Parallels identified by Jared Lobdell with Edwardian adventure stories
| Parallel | Edwardian adventure story | The Lord of the Rings |
| Story "of Englishmen abroad in the wide and mysterious world" | "Triumph over nature" The Lost World | Hobbits "are Englishmen" |
| The past is "mysteriously alive in the present" | e.g. King Solomon's Mines, She, The Lost World |  |
| "There and back again" framework | "Narrator has to return home ... to tell his story" | Both The Hobbit and The Lord of the Rings |
For example, in The Lost World ...
| Travellers assemble accidentally... | "or by the machinations of Professor Challenger" "who is not with them for the entire journey" | Gandalf, ditto |
| "Travel to unknown lands" ... | ... via a cave (on way down) | ... via Shelob's cave (on way up) |
| Protagonists "are types" | "Sportsman, Irish rugger, desiccated (but tough) professor, ... eccentric omnicompetent" | The Company of the Ring with "the eccentric omnicompetent, Gandalf" |
| Nature attacks the protagonists | "prehistoric animals" | Old Man Willow, snow at Caradhras |
| They come safely through | all 4 | 8 of the 9 |
| Story is written by the most ordinary of the group | Edward Dunn Malone | Frodo Baggins, the "common lens for heroic experience" |

== Post-war novelist ==

Julie Pridmore agrees that The Hobbit "would seem to owe much to the nineteenth and early twentieth-century Edwardian adventure story", but that The Lord of the Rings is more clearly modern, even if some scholars denied that connection. In particular, as Shippey has written, Tolkien is a "post-war writer"; Pridmore states that "Tolkien's heroes were never the great men of late Victorian and early Edwardian hero worship". Instead, in her view, he wrote about heroism in the actions of ordinary soldiers, represented by Frodo and Sam. She concludes that "the First World War ... separates Tolkien's heroes from the adventure heroes of the Victorians and Edwardians and makes The Lord of the Rings a twentieth-century text with twentieth-century questions about masculinity, heroism and hero-worship."

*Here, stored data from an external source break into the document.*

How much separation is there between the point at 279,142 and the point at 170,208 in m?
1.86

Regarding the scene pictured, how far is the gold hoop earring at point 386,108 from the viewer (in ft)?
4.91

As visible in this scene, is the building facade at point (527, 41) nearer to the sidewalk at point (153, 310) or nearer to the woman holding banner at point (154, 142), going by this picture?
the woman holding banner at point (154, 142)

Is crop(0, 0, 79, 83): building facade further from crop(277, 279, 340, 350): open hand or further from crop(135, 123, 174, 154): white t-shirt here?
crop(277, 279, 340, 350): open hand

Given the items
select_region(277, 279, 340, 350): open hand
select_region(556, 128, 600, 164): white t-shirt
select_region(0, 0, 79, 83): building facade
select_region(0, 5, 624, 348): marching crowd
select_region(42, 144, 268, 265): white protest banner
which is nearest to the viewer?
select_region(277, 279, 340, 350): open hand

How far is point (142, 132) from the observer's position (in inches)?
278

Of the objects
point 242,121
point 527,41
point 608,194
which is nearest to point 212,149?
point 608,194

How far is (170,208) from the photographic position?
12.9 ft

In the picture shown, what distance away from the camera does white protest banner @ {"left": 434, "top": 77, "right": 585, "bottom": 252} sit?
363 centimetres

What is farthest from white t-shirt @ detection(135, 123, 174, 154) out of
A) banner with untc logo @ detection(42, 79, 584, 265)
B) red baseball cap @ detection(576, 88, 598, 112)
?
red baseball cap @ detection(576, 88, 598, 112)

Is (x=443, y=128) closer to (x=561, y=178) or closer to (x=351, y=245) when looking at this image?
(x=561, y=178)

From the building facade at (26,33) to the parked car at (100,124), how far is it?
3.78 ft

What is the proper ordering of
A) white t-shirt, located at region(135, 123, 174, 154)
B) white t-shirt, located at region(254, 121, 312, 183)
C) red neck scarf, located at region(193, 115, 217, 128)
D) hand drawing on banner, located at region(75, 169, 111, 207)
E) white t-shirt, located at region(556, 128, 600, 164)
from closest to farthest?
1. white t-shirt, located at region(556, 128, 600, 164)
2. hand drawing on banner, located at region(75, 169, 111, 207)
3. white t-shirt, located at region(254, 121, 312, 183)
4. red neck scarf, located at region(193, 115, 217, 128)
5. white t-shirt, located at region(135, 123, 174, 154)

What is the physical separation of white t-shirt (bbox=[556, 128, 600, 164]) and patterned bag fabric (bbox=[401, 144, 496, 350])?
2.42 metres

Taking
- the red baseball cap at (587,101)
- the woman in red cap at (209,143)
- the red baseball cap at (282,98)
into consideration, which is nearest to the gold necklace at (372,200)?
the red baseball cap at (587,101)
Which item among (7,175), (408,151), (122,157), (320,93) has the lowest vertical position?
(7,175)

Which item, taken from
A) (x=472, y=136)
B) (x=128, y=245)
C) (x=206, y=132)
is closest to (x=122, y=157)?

Anna Vaninskaya notes Lobdell's characterisation of Tolkien as a writer of Edwardian mode adventure stories, and that the modern authors who influenced him "were born before 1880". But on the other hand, she writes, Tolkien can equally well be seen as a writer responding to the trauma of the First World War, alongside James Joyce and T. S. Eliot, or one responding to the evil of the Second World War, like William Golding and George Orwell. And his use of post-modernist devices like metafiction, pastiche, and self-referentiality would imply, she writes, that his contemporaries include writers after 1950.